Condition on moment generating functions implies independence 
Let X, Y be random variables so that $M_X(a) = E[e^{aX}]$ and $M_Y(b) = E[e^{bY}]$ are finite for all $|a|, |b| < \delta$ for some $\delta > 0$, and $E[e^{aX + bY}] = E[e^{aX}]E[e^{bY}]$ for all $|a|, |b| < \delta$. Prove that X and Y are independent.

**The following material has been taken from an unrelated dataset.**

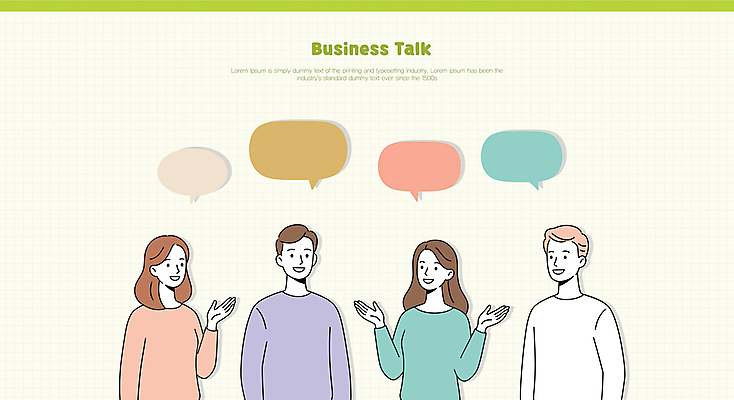 여자 남자 말풍선 일러스트 회의 대화 미소 여러명 상반신 성인 연두색 손들기 비즈니스맨 비즈니스우먼 성인만 국내일러스트 AI파일 다수 비즈니스 모션 표정 말하기 사람 초록색 직장인 파일형식 벡터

I know that the condition on the moment generating functions implies that $E[X^m]$ and $E[Y^n]$ exist for any nonnegative integers m, n, and I have shown for an earlier problem that if those exist and $E[X^m Y^n] = E[X^m] E[Y^n]$ for all nonnegative integers m, n, then X and Y are independent, but it's not clear how, or whether, it's possible to get $E[X^m Y^n] = E[X^m] E[Y^n]$ out of $E[e^{aX + bY}] = E[e^{aX}]E[e^{bY}]$. 

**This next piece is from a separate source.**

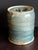 Vintage, hand made wabi sabi mizushashi glazed in a light teal with purple streaks. Estimated to be from the 1980s....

The best I can figure out how to do is to take a = b with $|a| < \delta$, and get that $M_{X+Y}(a) = E[e^{a(X + Y)}] = E[e^{aX}]E[e^{aY}] = M_X(a) M_Y(a) < \infty$ for all $|a| < \delta$, which I think (and suspect I'm wrong) implies that $E[(X+Y)^n] = E[X^n]E[Y^n]$ for each nonnegative integer n. Even if that is true, I don't have any idea how to get to either independence or $E[X^m Y^n] = E[X^m] E[Y^n]$ from there.
 A: Take $m$ times derivatives with respect to $a$, and $n$ times derivatives with respect to $b$, then take $a=b=0$, you get what you want.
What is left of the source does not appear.